ETL tools should integrate with the cloud. Even the most modest data-driven enterprises are moving their data warehousing to the cloud, which offers far greater scalability and flexibility than conventional warehousing. As a result, your ETL tools should also be cloud compatible.
ETL tools should work with as many kinds of data as possible. The primary purpose of ETL tools is being able to take data from a variety of sources and put them together—so why shouldn’t your ETL tools be compatible with as many as possible? Make sure the tools you use are compatible with the most popular data formats and storage solutions.
ETL tools should offer flexibility. Data pipelines and applications can be as ever-changing as data itself. Make sure your ETL tools offer enough flexibility to adapt to new workflows and storage solutions.
ETL tools should offer robust transformation features. Transformation is the primary driver of the entire ETL process. Make sure your tools can effectively automate and augment most transformation processes.
FAQ
Q: What is ETL?
A: ETL stands for “Extract, Transfer, Load,” which describes the three-step process of Extracting data from a source, Transforming the data into a usable format, and Loading it into a data warehouse.
Q: What are ETL tools?
A: ETL tools automate many parts of the ETL process, particularly those involving extracting and transforming data. Without ETL tools, much of the ETL process would require hard-coded or manual solutions.

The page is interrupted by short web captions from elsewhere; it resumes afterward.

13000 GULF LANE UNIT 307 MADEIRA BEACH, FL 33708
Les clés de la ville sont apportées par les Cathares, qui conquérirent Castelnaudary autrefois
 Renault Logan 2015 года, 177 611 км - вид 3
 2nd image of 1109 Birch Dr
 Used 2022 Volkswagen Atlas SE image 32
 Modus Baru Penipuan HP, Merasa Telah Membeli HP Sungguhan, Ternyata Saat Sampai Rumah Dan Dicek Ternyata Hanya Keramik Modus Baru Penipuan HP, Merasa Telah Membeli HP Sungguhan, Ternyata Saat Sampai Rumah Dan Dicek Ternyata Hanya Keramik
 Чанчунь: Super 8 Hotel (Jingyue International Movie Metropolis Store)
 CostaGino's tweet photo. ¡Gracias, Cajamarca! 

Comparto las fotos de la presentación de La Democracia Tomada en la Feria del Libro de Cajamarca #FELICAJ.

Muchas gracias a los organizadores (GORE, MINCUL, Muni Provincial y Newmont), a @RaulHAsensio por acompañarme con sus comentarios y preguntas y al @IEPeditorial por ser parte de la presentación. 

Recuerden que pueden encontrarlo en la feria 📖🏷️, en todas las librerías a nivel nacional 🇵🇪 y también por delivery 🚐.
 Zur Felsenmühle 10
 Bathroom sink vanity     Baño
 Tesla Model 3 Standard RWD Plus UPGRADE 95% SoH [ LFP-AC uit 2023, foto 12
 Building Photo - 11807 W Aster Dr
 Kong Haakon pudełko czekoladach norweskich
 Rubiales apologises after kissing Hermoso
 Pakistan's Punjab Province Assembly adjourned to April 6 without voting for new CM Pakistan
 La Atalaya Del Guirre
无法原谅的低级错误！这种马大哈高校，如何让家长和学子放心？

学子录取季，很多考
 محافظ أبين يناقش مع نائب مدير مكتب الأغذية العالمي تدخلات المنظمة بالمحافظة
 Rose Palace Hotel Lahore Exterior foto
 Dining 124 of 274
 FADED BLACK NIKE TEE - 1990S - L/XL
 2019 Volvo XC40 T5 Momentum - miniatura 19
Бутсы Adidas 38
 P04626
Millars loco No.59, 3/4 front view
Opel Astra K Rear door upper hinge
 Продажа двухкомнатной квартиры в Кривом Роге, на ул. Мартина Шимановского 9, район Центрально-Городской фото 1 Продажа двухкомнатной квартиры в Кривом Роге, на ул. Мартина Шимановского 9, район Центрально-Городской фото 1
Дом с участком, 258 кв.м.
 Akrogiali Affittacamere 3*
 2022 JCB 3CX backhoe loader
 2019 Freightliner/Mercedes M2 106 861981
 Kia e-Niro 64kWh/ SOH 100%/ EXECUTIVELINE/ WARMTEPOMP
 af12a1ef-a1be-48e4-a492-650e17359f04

Q: What is an ETL pipeline?
A: An ETL pipeline is a path between data sources and data warehouses, through which the ETL process takes place. ETL tools are often used to optimize ETL pipelines and increase throughput.
Q: What’s the difference between ETL and ELT?
A: Where ETL is “extract, transform, load,” ELT is “extract, load, transform.” By loading data to a warehouse before transforming it, enterprises can keep original data fields/columns and simply transform them on the fly. While ELT requires somewhat more storage, it provides much more flexibility than the usual ETL workflow.
Q: Do ETL tools transfer to ELT?
A: Yes! Both ETL and ELT ultimately perform the same tasks, except that the order of application is switched. Any ETL tool which performs each step of the process separately is likely compatible with an ELT workflow.
Recap
ETL tools help automate much of the ELT process, which is essential for preparing raw data for data warehousing and analytics. As an extension of the ETL process, ETL tools are used to combine data from multiple sources and then format and load the data in a useful way. As data sets and storage solutions continue to grow larger, ETL tools will become increasingly necessary for handling raw data.